Varios dias deambuló el viejo por las calles repletas de maniquíes de piel y hueso, autos y moscas suspendidas. Comió, bebió, tomo, probó y tocó cuanto quiso hasta que ya no le quedó ilusión de tocar, tomar o beber nada más. Pateó y violentó todas las puertas que hasta poco antes le habían sido esquivas. El sol, pausado también por la hecatombe, no se puso más, ni el viento, aquel cadáver invisible, volvió a levantar un solo grano de polvo más.

Al pasar por el boulevard florido que bordeaba el cementerio municipal, su mente se turbó, invadida por la clarinada de una comprensión brutal. Leyó, como quien busca huír del hastío y la desesperanza, el párrafo resaltado de un folletín que alguien había descuidado y que reposaba cercano al borde de una fuente, sin terminar de caer: "La muerte es un traje a medida. A imagen de cada vida, a semejanza de cada quién" No quiso saber de quien era la cita. Habían pasado ya días y no sabía si era viernes en la mañana o domingo al salir la tarde. El olor a cadaverina le abofeteó y vio que los colores empezaban a desvanecer en las caras desvahídas y en los tabloides vespertinos que hace solo dias se empezaban a vender frescos y olorosos a tinta y hoy amarillaban resecos. El viejo comprendió, en las estribaciones de su vida levantada sobre la sombra fatal de la soledad, que su muerte tenía que ser esto, porque su vida había sido aquello: atestiguar la muerte de todo lo conocido y ser condenado a sobrevivir a todo y a todos, hasta que ya no quedara nada en pie, hasta que los edificios comenzaran a colapsar solos, y los balcones poblaran los techos de los autos y las banquetas, hasta que los cadáveres de quienes amó se fueran desvaneciendo en polvo y amasijos de motas de algodón y epitelios y los hierros de los coches se llenaran de herrumbre y orín. Un día, todo sería ruina, todo el mundo conocido se volvería pasto de la nada, menos él, a quien nadie podría ya redimir ni aliviar del fardo de su sentencia alucinada.

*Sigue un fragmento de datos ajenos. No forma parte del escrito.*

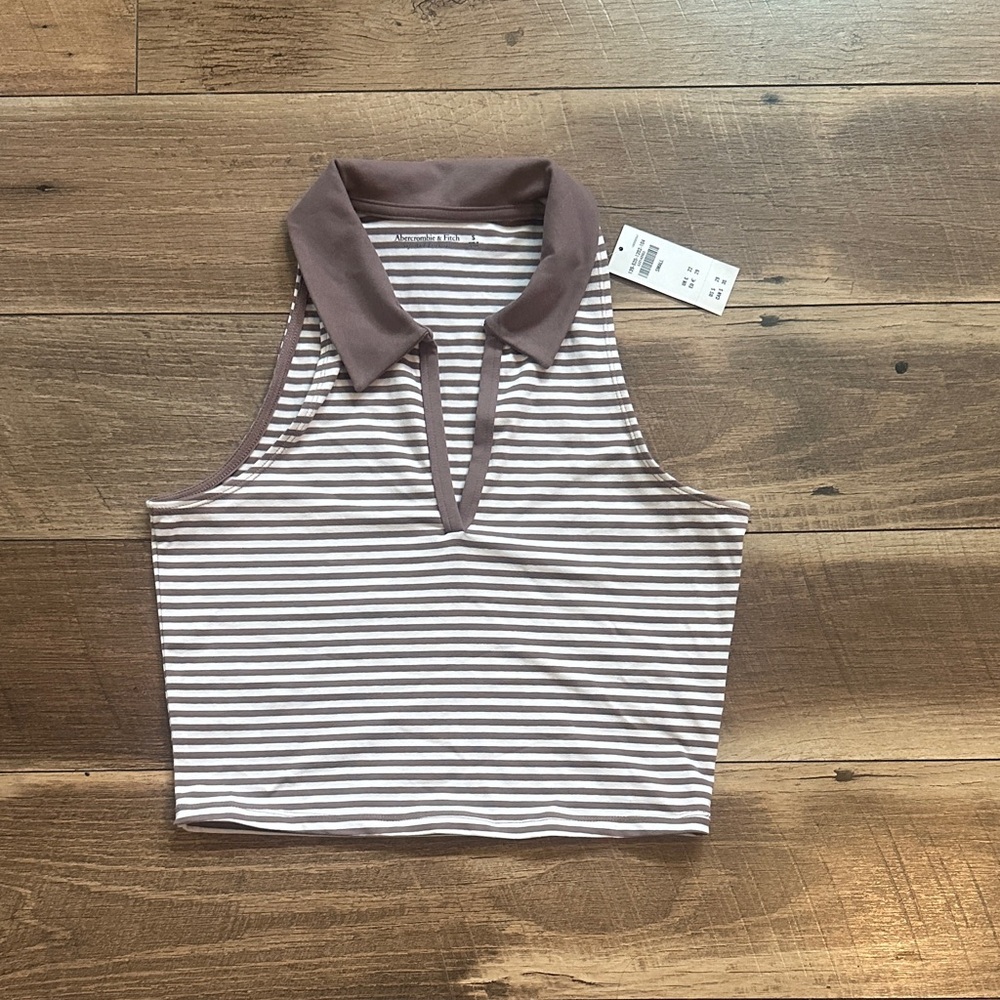 NWT - Abercrombie & Fitch - Striped Sleeveless Collared Top - Size small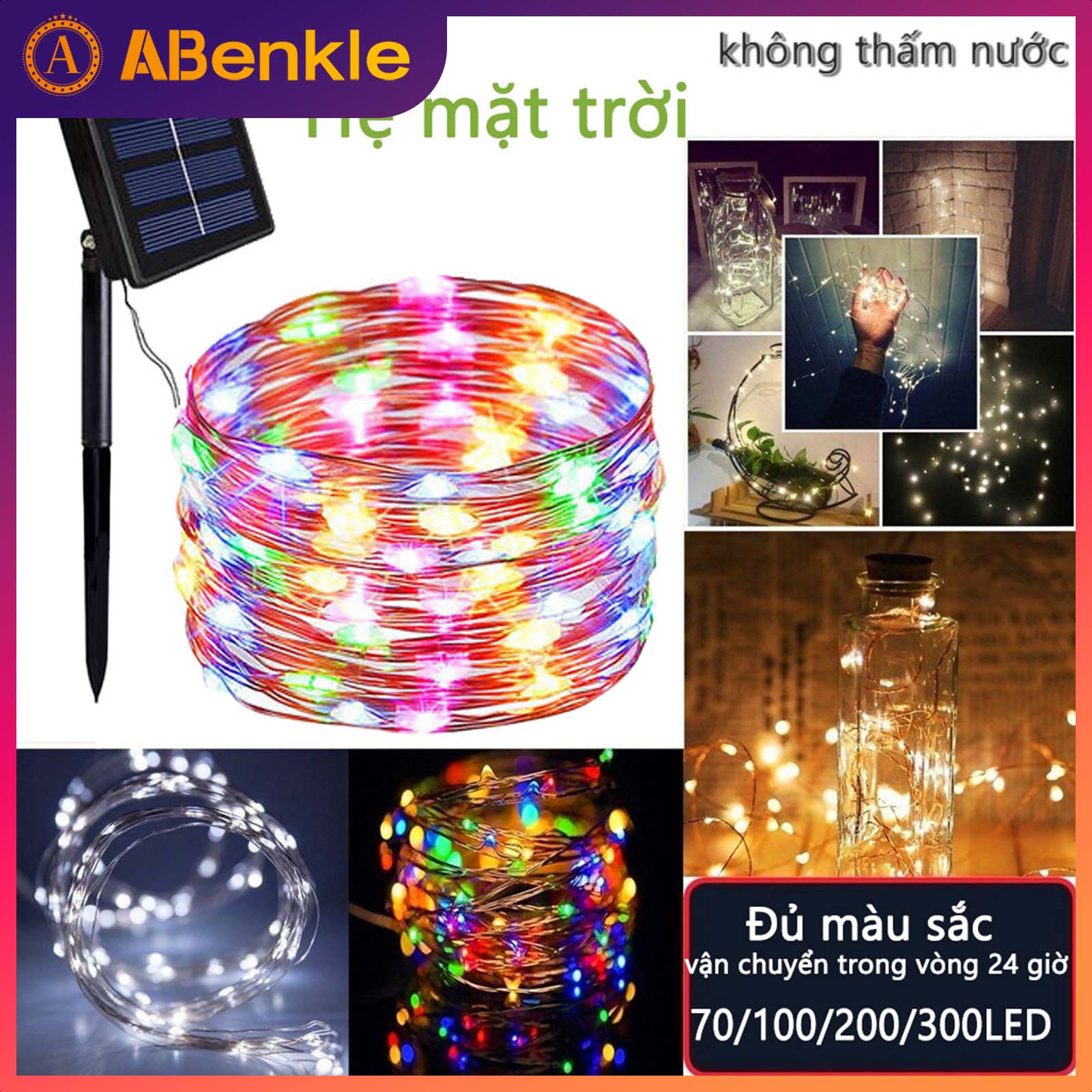 Dây đèn led 50/100/200/300 bóng trang trí rèm chống nước chạy bằng pin mặt trời dây đồng 32M/22M/12M/7M 8 chế độ chiếu sáng phù hợp trang trí sinh nhật lễ tết hôn lễ bữa tiệc ngoài trời-INTL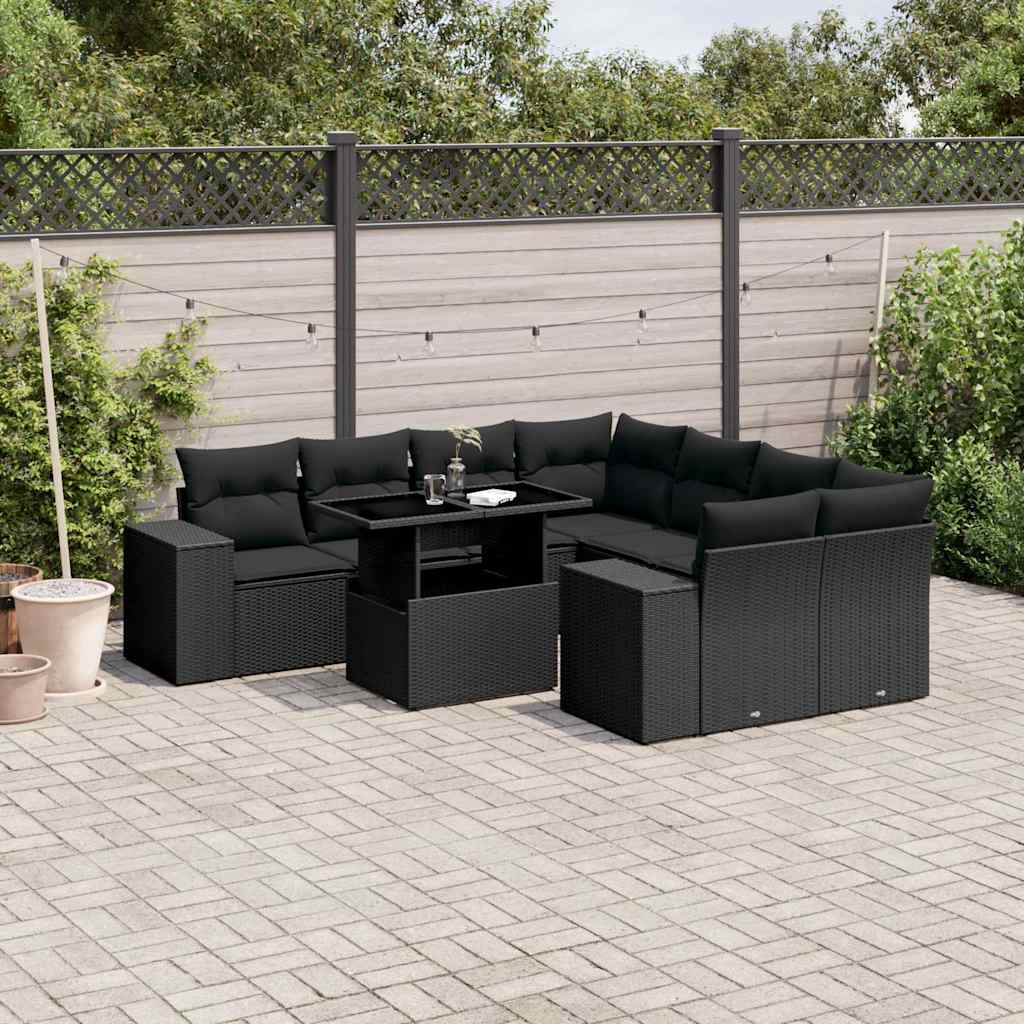 vidaXL 9-tlg. Garten-Sofagarnitur mit Kissen Schwarz Poly Rattan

Entonces, el viejo apartó del pequeño remanso de sombra una bicicleta de niña y se dejó caer sentado, casi sin aliento en el filo de la acera, la cabeza entre los dedos, y por primera vez desde que enviudara diecisiete años antes, lloró hasta que la última lágrima y la última tibieza terminaron de desvanecerse entre sus mejillas y sus dedos ajados e inermes.